In a quiet suburb of a large, major American city, on streets with loud, laughing, child-filled environmentally friendly parks and whose homes feature two-car garages, whose two-parent, racially-diverse, middle-class, college-educated mothers and fathers make sure to recycle paper and plastic and use energy-friendly lights for lamps, who water well-maintained, landscaped lawns during off hours to help conserve water and who have between two and four well-read and attentive children, there is daily, violent fighting. The fighting is political and, therefore, personal. The fighting is over the present and the future of American public education. But I’ve skipped a step or two.
By 1918 every state in America had passed laws requiring children to receive an education. America was changing from a country where most people were farmers and worked schedules tied to planting and harvesting crops to a country where most of the people worked in factories and were moving to heavily-populated cities on its coasts. Education was becoming increasingly important in these cities.
Unfortunately, the education laws put in place in 1918 set varying, inefficient guidelines. The new laws did not specify what kind of education children should receive, what was important to learn, why it was important to learn it, and, depending on the state, set different limits on how long children had to attend school and how old they had to be upon starting and finishing. Until the United States Department of Education was formed in 1980, states set their own rules that involved a lot of guesswork and were based on different kinds of research with no unifying ideas about effective policy. America still lacks a clear and effective national education policy and hasn’t agreed on a national curriculum. Many of the countries now found ahead of us in world rankings have instituted universal education standards and policies and done well as a result, improving education outcomes for students across socioeconomic and racial strata.
Still, for a long time we managed as the stick stirring the global education and innovation pot. America was ranked at or near the top of so-called “first world” countries for education. Now, however, America ranks as “average” according to the Organisation for Economic Co-Operation and Development (OECD). On a 1,000-point scale, America rates around 500 in reading, math and science.

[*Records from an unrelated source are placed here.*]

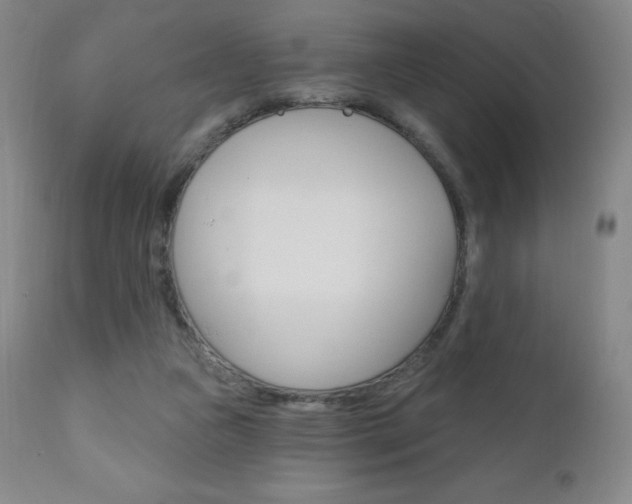 X0000111020161200906191239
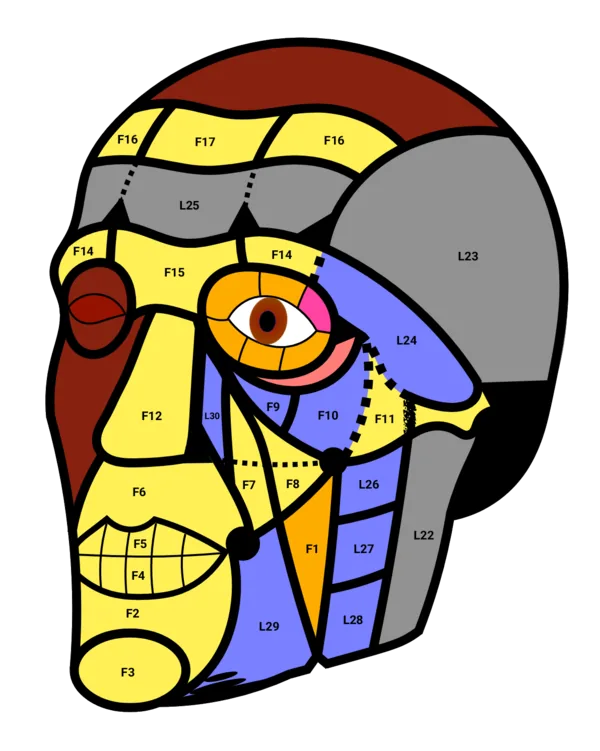 Layer 4 — Deep Fat and Spaces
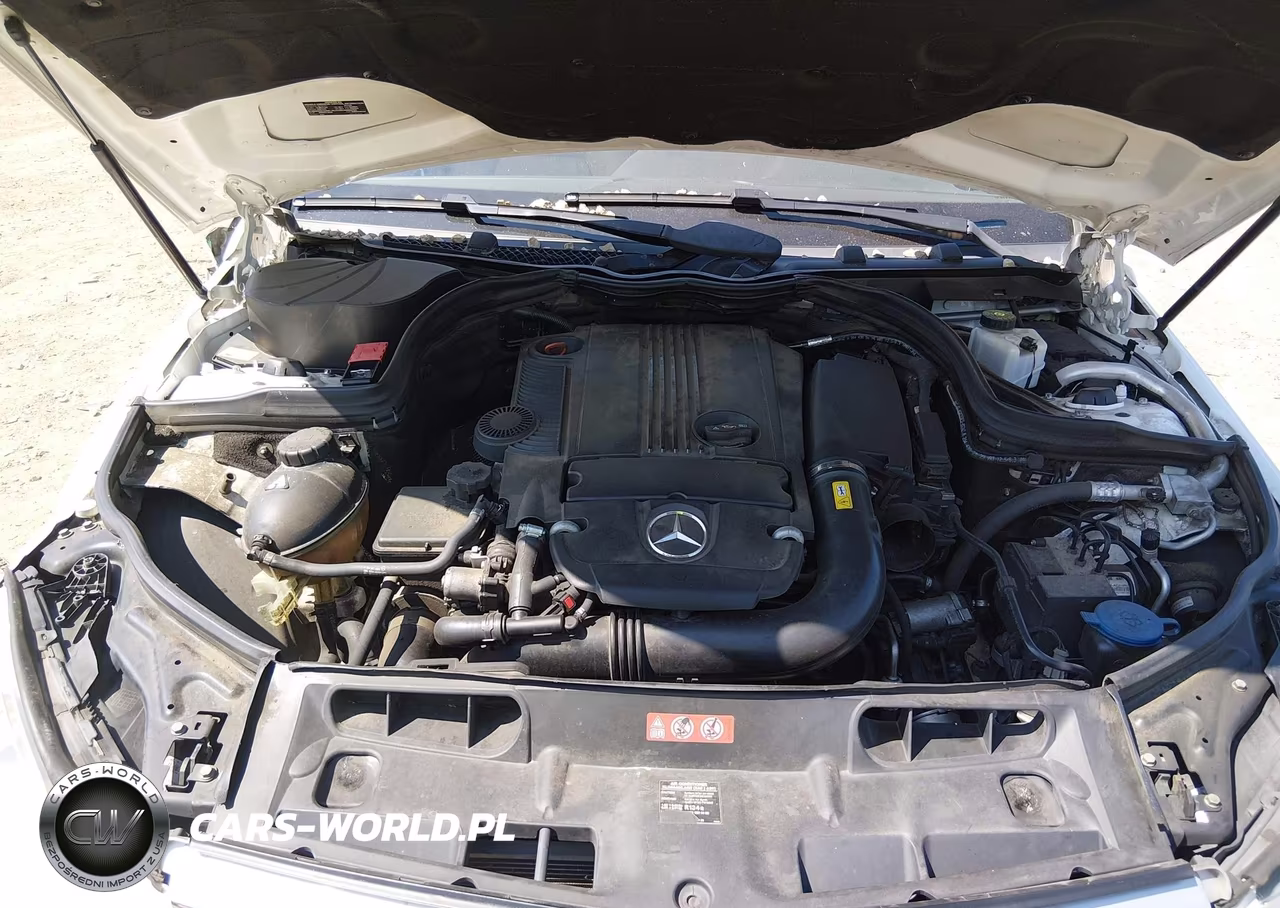 2014 Mercedes-Benz C 250 Luxury VIN:WDDGF4HB4ER310512 - 10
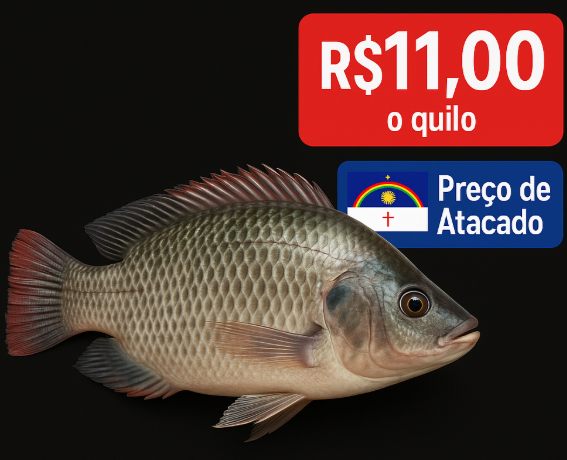 preço de 11 reais a tilapia.png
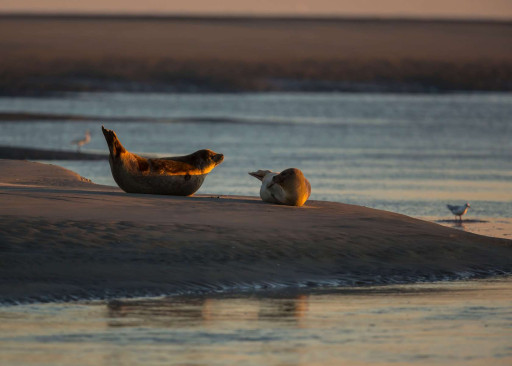 Hauts-de-France Tourisme participe à la campagne #ExploreFrance 2023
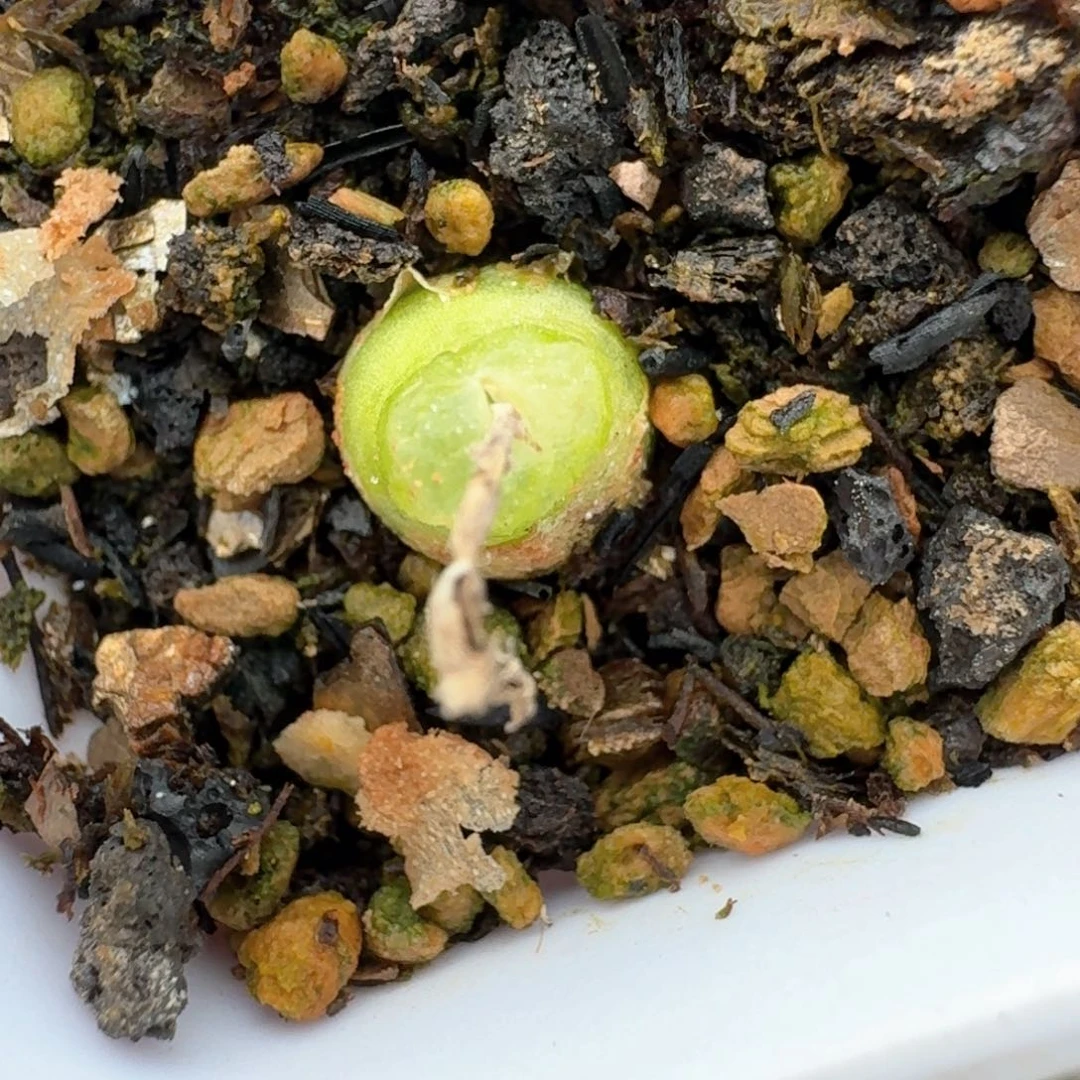 121小葫芦母本脱土发货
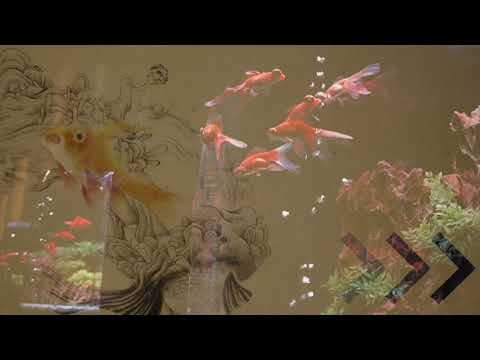 金魚ミュージアム ROOM1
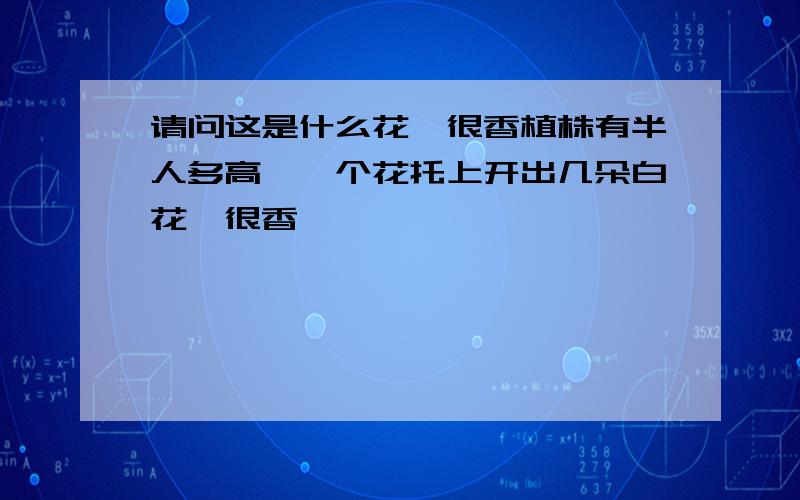 请问这是什么花,很香植株有半人多高,一个花托上开出几朵白花,很香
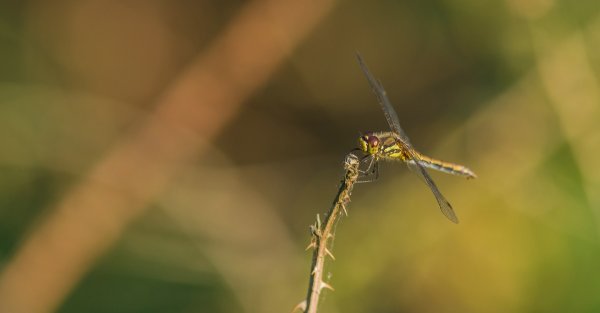 Hohes Moor 270718_IMG5454.jpg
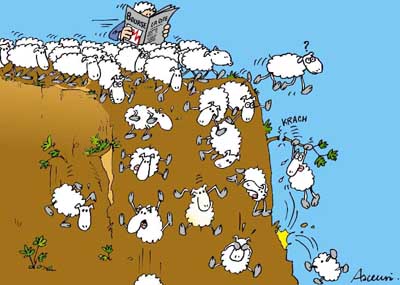 moutons qui se jettent dans un ravin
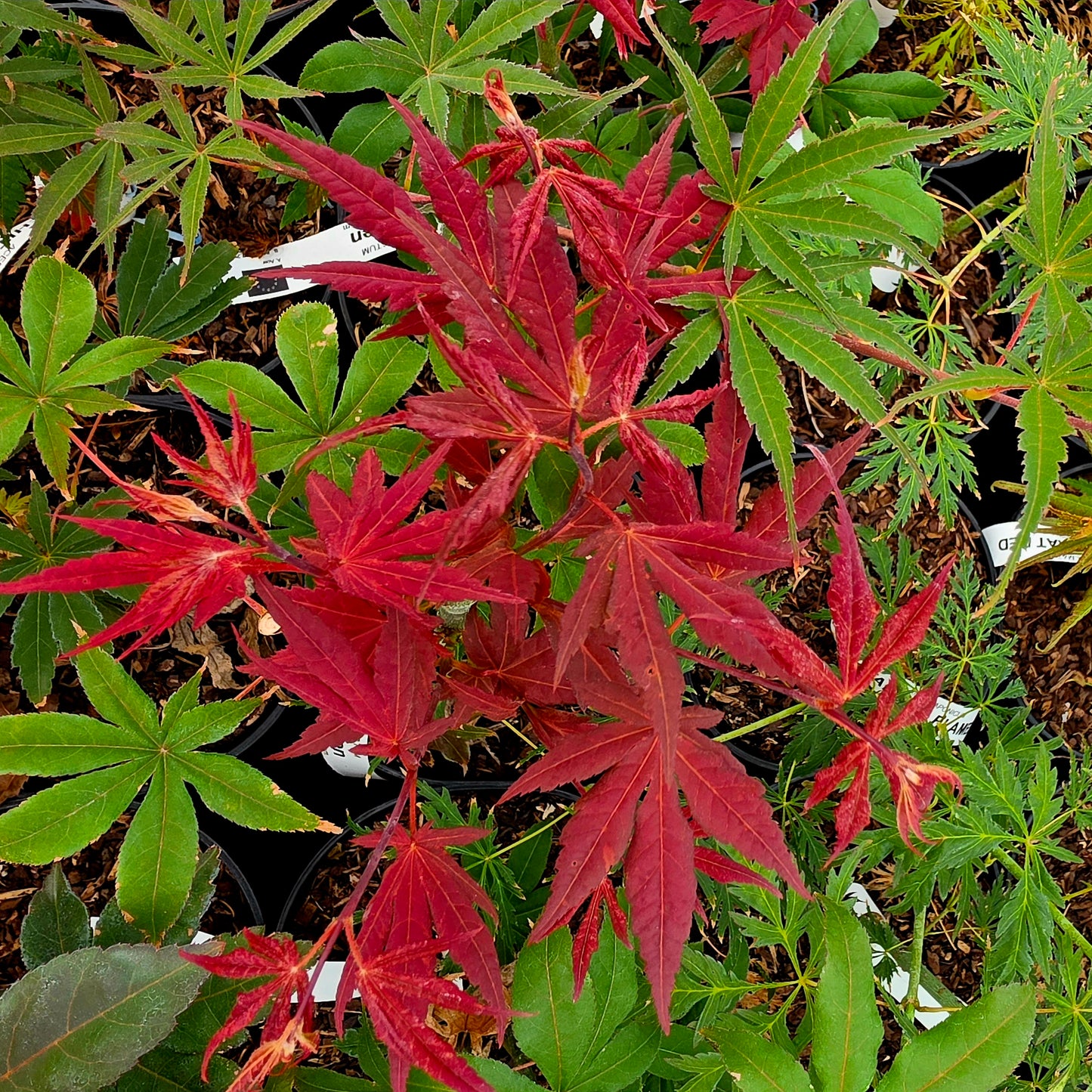 Acer palmatum Long Men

OECD’s Programme for International Student Assessment (PISA), meanwhile, says that, of the 34 countries studied, American 15 year-olds rank 14th in reading, 17th in science and 25th in math, in the middle or near bottom.
The Purpose of an Education
We’re fighting over American education because we can’t agree on what an American education is. We’re fighting over American education because too often a quality education depends on how much money a family earns and where that family is allowed to live. We have a mismatched group of education policies that are different for each state and, in fact, are different within states. I was raised in a state, New Jersey, where the quality of education varied wildly within a 10 square-mile radius. Politicians and educators are proposing solutions from vouchers to small classes to paying children to get good grades. None of these work consistently, if at all.